Of course, Sharon’s secret was his unwavering, even brutal, realism. As a military commander, he broke rules and heads if it meant victory for his troops. As a politician and cabinet minister, it meant plowing ahead, often quite literally, in securing land and building settlements that he considered necessary for Israel’s security. And as a prime minister, it meant changing course on that policy and withdrawing settlements and soldiers from the Gaza Strip.

Often that realism led him into adventures that crossed a line. He plunged his nation into the cauldron of Lebanon in 1982, and, as a state commission later held, was at least indirectly responsible for the massacre of Palestinians by Lebanese allies in the Sabra and Shatila refugee camps.

For many on the Israeli Left, he also crossed a line when, as agriculture minister in the first Likud government, he vastly expanded Jewish settlement in the West Bank and Gaza Strip.
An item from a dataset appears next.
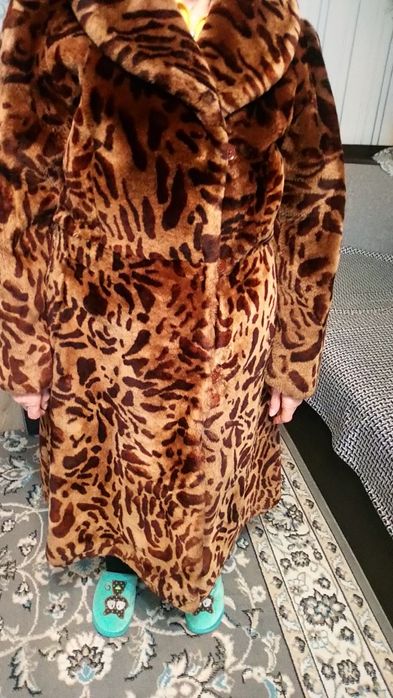 Продам женскую натуральную шубубу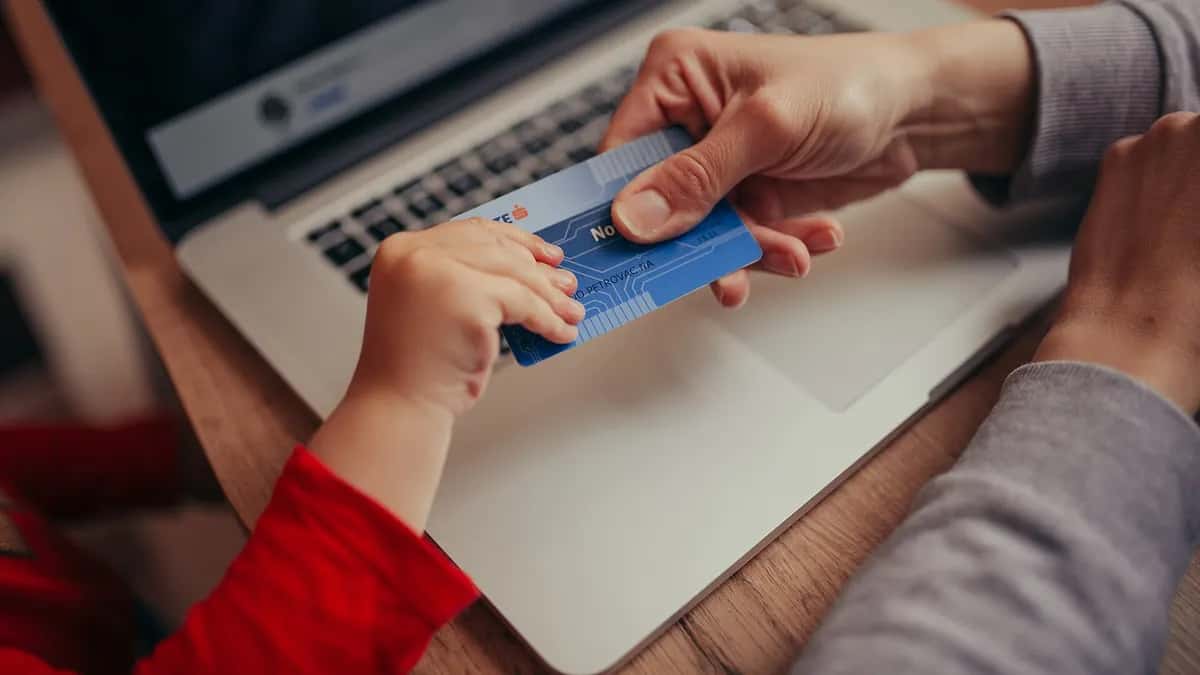 Google lança o carrinho universal: o que é, como funciona e se chegará ao Chile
They warned that an expanded Jewish presence in the territories was a demographic and political time bomb, and would entangle the two peoples in ways that would make peace impossible.

Those who remember his walk on the Temple Mount — inaccurately described as the catalyst for the Second Intifada but provocative nonetheless — would be amazed by his stunning conclusion that those critics had a point. Ever the realist, he emerged from that vicious Intifada and the ashes of Oslo to decide that, once again, Israel’s security was at stake. And this time security called for a disengagement from the Palestinians and support for an independent Palestinian state.

Perhaps the biggest miracle of Sharon’s career — bigger than his political comeback following the humiliation of Sabra and Shatila, bigger than his managing to survive a series of political scandals — was his ability to forge and embody Israel’s political consensus in recent years. The Bulldozer became the Unifier, treading a path between a Right that refused to face Israel’s demographic and political realities and a Left that was betrayed by Palestinian intransigence.

Whoever leads the country after Sharon will have a difficult time maintaining that consensus. But Sharon — blunt and warm, brave and reckless, dashing in his youth and grandfatherly in his later years — showed that it could be done. We’re confident that Israel hasn’t run out of miracles.